:: WHAT NEEDS TO BE DONE ::
Of the entries below, copy only those lines that contain the word "black".

*****

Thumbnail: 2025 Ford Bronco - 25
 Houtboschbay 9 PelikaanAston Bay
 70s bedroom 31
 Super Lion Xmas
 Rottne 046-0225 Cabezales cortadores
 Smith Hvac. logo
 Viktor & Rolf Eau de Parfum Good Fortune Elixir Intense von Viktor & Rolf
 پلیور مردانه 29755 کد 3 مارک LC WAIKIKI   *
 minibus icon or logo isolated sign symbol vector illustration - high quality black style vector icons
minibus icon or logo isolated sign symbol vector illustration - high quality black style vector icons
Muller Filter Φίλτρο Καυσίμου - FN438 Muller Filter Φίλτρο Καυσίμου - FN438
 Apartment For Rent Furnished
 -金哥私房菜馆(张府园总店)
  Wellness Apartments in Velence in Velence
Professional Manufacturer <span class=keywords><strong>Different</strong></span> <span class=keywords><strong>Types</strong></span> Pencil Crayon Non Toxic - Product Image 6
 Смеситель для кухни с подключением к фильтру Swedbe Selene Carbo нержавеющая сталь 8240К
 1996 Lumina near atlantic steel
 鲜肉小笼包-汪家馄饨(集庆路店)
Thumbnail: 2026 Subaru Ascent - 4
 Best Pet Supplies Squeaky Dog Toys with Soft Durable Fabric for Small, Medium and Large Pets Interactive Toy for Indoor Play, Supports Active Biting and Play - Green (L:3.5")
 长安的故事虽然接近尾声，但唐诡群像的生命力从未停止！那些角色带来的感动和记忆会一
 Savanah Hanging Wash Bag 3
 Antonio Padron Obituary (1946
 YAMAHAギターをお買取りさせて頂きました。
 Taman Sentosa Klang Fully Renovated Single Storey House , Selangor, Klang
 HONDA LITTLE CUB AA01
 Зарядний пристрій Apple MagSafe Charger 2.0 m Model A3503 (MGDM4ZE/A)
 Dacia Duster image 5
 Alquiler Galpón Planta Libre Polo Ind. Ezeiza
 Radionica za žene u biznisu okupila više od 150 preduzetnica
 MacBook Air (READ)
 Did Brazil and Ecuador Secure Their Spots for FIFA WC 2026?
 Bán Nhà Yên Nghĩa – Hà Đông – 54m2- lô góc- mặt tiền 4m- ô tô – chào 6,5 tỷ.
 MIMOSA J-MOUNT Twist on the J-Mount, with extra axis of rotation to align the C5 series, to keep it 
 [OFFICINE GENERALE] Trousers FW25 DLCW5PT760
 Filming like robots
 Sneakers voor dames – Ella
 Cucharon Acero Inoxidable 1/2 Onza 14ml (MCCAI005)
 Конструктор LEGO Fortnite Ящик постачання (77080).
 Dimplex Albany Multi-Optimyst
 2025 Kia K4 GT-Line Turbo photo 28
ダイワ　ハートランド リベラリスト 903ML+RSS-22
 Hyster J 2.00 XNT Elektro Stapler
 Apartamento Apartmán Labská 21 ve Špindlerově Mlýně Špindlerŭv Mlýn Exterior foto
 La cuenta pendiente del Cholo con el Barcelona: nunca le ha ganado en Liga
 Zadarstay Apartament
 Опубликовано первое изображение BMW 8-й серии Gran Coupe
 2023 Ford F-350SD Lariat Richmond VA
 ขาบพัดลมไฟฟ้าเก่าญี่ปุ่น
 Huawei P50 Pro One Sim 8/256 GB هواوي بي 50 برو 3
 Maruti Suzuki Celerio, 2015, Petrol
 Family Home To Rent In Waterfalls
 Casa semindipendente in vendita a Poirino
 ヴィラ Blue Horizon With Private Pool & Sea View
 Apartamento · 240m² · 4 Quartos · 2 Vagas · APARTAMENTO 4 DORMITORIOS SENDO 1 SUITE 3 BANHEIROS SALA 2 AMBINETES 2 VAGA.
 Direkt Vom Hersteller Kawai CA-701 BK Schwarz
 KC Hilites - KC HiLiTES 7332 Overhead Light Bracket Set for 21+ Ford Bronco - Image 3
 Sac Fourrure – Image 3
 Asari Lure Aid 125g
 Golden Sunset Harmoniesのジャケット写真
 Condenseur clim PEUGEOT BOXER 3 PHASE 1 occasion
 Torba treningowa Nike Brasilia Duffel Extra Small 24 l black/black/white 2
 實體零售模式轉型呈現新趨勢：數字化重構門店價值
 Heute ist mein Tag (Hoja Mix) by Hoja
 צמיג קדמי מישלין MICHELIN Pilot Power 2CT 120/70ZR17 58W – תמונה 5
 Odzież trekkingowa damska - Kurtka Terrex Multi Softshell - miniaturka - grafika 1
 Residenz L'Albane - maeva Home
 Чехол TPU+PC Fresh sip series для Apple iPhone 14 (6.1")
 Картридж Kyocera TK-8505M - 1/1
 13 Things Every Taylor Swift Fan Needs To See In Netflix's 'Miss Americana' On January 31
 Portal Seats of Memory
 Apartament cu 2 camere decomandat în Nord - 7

*****

:: EXERCISE OUTPUT ::
 minibus icon or logo isolated sign symbol vector illustration - high quality black style vector icons
minibus icon or logo isolated sign symbol vector illustration - high quality black style vector icons
 Torba treningowa Nike Brasilia Duffel Extra Small 24 l black/black/white 2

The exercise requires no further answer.